Data supplied.
○ ○ ○
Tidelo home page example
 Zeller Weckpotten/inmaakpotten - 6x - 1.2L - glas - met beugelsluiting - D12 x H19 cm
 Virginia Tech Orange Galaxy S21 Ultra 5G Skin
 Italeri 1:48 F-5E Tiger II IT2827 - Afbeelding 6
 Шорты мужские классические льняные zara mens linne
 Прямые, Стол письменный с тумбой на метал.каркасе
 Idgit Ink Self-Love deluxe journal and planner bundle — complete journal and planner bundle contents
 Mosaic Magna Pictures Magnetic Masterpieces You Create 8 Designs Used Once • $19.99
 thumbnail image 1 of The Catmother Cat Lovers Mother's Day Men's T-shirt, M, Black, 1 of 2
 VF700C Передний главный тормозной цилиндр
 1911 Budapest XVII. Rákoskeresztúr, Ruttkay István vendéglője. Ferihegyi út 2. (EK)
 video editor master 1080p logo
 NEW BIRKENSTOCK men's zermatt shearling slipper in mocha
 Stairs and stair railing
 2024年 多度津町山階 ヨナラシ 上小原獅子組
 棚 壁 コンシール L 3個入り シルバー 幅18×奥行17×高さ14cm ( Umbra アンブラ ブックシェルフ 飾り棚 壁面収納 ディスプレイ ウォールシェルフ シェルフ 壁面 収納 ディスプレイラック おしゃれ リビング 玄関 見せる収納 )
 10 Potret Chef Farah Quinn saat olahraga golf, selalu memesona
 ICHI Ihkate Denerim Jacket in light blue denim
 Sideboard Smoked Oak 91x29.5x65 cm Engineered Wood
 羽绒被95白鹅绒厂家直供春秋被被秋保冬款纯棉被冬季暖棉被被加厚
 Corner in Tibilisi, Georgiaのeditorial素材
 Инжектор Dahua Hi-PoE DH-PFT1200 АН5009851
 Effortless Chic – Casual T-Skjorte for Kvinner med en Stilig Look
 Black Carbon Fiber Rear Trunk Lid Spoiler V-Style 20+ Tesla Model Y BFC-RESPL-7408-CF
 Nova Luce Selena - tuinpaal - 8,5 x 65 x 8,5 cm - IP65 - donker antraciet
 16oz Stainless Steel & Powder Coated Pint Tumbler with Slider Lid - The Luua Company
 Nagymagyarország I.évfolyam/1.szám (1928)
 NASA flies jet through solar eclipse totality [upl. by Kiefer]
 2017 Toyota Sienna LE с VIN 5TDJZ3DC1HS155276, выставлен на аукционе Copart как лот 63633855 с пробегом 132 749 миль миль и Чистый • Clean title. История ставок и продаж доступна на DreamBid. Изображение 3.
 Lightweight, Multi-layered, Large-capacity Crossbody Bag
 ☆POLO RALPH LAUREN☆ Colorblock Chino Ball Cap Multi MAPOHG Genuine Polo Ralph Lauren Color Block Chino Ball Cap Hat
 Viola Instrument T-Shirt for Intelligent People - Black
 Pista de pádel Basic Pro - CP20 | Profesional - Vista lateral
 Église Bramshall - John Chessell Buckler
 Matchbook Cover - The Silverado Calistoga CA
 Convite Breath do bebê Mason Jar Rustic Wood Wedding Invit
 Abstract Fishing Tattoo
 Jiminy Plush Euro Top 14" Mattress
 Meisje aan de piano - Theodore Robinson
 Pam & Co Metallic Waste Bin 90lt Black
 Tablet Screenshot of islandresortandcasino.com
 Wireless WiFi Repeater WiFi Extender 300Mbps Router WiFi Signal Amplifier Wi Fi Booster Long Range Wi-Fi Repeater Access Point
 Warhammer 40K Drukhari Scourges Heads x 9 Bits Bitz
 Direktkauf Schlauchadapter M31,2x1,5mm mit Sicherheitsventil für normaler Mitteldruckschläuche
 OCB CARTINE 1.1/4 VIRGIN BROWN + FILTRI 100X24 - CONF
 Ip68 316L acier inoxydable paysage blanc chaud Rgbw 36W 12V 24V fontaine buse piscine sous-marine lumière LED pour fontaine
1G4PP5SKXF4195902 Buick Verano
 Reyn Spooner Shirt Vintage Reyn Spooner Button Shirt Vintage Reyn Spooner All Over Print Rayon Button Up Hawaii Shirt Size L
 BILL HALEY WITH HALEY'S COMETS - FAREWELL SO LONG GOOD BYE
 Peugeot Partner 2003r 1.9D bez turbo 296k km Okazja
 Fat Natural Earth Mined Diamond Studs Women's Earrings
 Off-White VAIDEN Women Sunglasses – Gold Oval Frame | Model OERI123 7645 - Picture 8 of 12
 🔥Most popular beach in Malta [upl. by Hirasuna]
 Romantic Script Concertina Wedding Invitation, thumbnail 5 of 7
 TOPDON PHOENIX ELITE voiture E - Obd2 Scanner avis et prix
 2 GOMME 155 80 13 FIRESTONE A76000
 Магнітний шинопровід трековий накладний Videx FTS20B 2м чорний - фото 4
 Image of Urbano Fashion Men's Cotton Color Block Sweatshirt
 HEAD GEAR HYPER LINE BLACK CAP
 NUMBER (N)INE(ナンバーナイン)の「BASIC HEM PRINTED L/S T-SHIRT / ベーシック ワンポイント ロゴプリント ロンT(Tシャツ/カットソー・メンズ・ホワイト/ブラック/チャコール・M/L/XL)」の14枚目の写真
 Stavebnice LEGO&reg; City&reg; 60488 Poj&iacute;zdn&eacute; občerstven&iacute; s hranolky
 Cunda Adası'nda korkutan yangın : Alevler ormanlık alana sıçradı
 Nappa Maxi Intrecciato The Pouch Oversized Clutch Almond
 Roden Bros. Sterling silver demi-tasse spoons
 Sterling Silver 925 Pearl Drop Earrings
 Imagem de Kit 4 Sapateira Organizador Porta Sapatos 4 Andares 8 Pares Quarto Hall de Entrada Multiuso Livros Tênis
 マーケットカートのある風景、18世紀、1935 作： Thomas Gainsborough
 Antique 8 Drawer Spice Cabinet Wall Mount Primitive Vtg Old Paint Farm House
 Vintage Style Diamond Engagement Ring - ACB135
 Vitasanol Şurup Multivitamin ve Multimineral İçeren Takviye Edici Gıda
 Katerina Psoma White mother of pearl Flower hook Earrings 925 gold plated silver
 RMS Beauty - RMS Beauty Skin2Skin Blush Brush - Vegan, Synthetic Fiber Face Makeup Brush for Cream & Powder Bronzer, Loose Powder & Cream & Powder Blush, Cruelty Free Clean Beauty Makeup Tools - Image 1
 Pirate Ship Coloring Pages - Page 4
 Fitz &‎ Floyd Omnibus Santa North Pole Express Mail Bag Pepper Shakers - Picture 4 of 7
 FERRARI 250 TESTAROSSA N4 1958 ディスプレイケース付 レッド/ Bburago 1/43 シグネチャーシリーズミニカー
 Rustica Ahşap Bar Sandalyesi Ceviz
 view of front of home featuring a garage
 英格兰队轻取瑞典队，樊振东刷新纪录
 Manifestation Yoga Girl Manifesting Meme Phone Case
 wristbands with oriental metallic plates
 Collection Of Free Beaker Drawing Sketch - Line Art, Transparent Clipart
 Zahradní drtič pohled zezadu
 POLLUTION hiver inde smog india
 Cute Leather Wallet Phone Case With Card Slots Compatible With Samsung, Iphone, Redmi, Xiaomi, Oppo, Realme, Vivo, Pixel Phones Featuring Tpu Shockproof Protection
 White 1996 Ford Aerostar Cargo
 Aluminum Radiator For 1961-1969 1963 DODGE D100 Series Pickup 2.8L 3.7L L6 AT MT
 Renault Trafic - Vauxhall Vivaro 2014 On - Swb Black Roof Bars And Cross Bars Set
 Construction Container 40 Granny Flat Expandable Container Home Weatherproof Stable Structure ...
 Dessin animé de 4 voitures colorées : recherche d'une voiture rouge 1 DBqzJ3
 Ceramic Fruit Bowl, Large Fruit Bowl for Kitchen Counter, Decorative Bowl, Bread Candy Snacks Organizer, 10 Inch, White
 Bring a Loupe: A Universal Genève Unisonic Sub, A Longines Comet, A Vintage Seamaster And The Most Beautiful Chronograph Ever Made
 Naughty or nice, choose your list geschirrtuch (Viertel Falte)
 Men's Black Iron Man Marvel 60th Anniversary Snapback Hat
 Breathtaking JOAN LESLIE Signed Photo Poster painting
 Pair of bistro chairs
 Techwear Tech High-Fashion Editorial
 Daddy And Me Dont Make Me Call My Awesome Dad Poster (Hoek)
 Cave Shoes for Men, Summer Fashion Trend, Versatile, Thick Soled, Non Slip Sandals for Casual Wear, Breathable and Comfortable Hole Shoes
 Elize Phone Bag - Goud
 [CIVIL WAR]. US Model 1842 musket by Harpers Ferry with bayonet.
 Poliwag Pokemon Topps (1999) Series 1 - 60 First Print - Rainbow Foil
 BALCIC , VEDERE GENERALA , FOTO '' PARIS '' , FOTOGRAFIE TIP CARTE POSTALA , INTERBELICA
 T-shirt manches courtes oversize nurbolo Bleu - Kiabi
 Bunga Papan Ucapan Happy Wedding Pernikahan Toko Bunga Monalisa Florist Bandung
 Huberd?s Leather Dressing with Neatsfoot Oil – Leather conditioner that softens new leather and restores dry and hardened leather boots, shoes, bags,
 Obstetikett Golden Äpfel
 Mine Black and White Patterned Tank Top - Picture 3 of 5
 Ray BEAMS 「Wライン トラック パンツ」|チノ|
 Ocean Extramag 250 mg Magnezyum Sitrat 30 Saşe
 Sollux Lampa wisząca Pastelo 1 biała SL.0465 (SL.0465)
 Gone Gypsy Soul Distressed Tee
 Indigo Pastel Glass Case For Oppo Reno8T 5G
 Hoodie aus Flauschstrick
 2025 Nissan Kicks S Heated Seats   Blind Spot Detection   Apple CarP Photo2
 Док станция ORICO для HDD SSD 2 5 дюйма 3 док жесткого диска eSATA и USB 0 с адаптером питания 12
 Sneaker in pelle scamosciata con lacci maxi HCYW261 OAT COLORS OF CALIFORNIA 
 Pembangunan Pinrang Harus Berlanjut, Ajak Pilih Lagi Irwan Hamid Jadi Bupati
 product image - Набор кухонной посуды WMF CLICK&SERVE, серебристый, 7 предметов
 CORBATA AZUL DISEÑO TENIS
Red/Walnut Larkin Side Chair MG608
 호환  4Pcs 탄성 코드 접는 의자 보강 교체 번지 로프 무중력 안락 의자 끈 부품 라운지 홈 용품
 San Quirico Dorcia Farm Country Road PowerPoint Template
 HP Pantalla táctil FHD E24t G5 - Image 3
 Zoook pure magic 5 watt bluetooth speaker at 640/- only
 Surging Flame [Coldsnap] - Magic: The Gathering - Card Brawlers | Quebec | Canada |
○ ○ ○
Work item. Within the material above, copy exactly the lines from the line that holds "マーケットカートのある風景、18世紀、1935 作： Thomas" up to and including the line that holds "Katerina Psoma White".

Task result.
 マーケットカートのある風景、18世紀、1935 作： Thomas Gainsborough
 Antique 8 Drawer Spice Cabinet Wall Mount Primitive Vtg Old Paint Farm House
 Vintage Style Diamond Engagement Ring - ACB135
 Vitasanol Şurup Multivitamin ve Multimineral İçeren Takviye Edici Gıda
 Katerina Psoma White mother of pearl Flower hook Earrings 925 gold plated silver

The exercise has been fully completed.